AIM OF THE TASK: Reproduce the lines below verbatim. Pictures are to be omitted.

INFORMATION SUPPLIED:
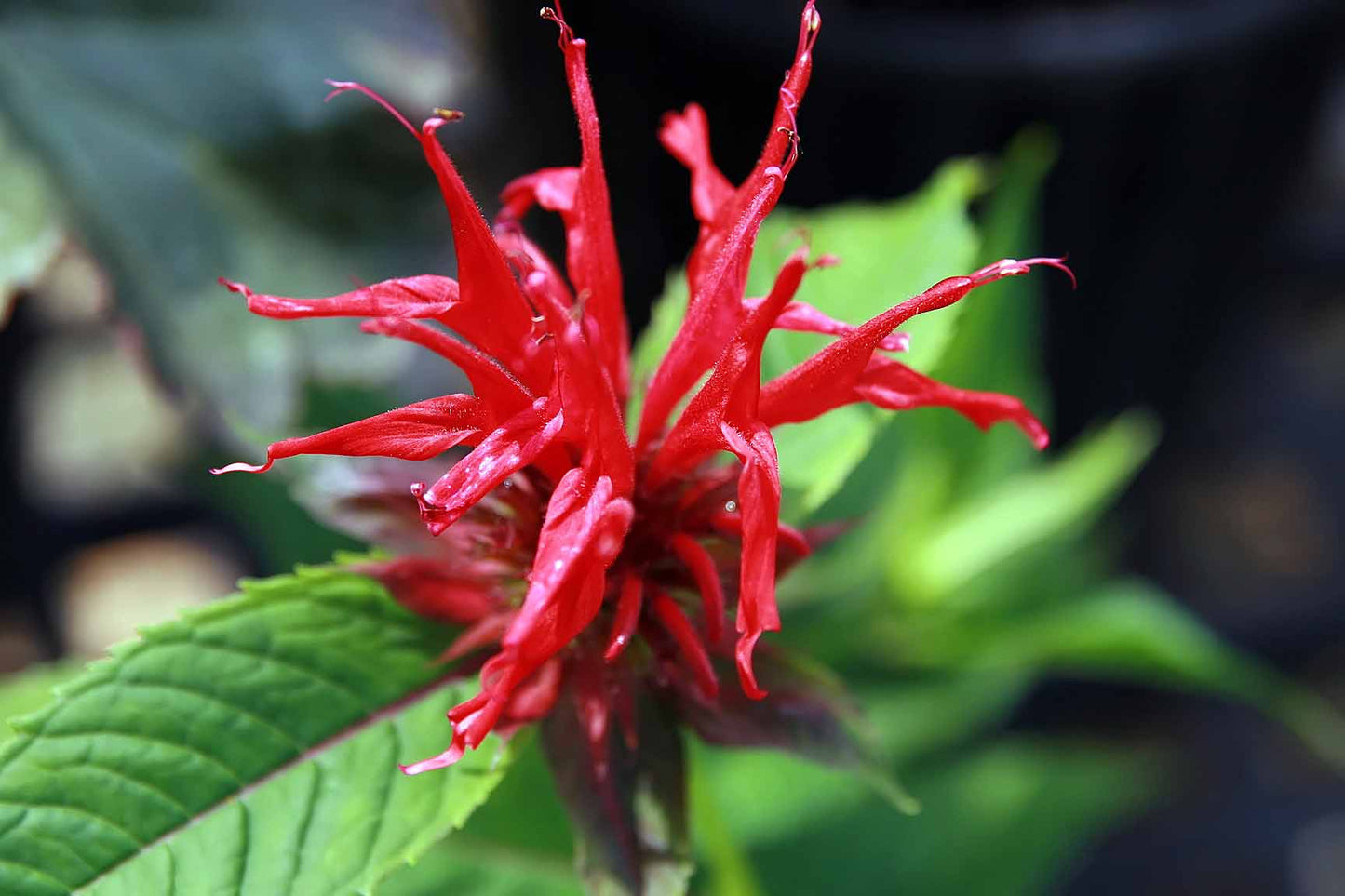 Monarda Didyma 'Jacob Cline' (1 QT.)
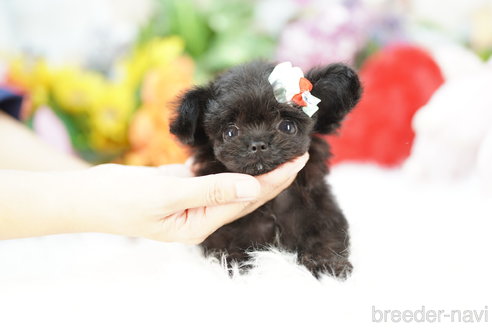 成約済の埼玉県のチワプー:チワワ×トイプードル-340901の2枚目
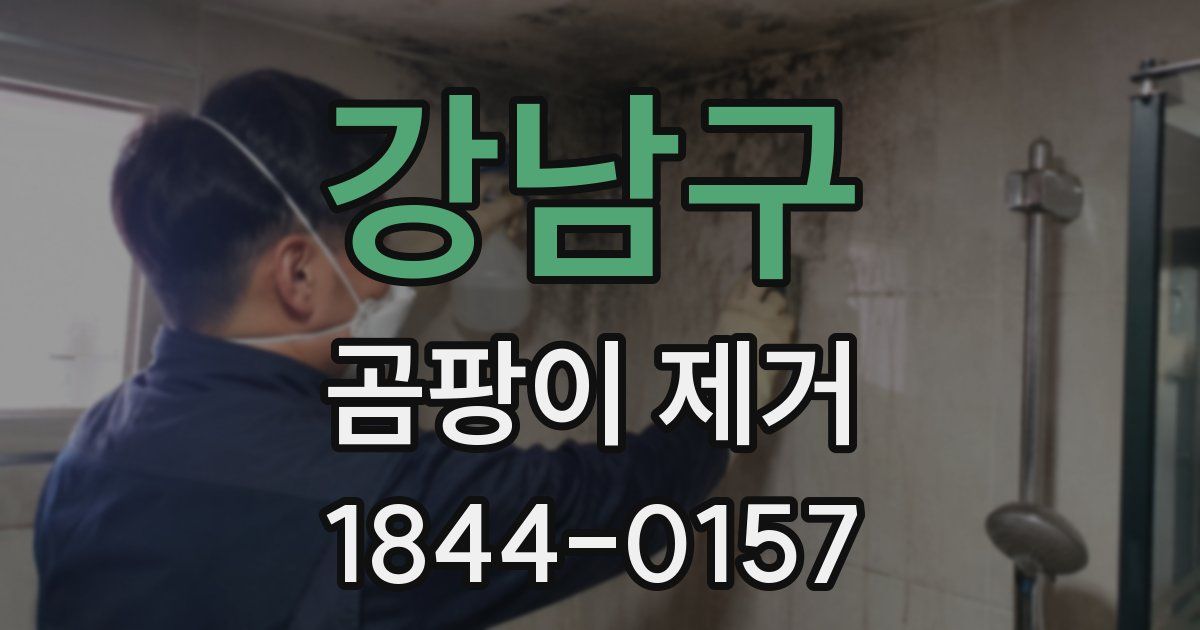 강남구 곰팡이 제거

RESPONSE FOR THIS EXERCISE:
 Monarda Didyma 'Jacob Cline' (1 QT.)
 成約済の埼玉県のチワプー:チワワ×トイプードル-340901の2枚目
 강남구 곰팡이 제거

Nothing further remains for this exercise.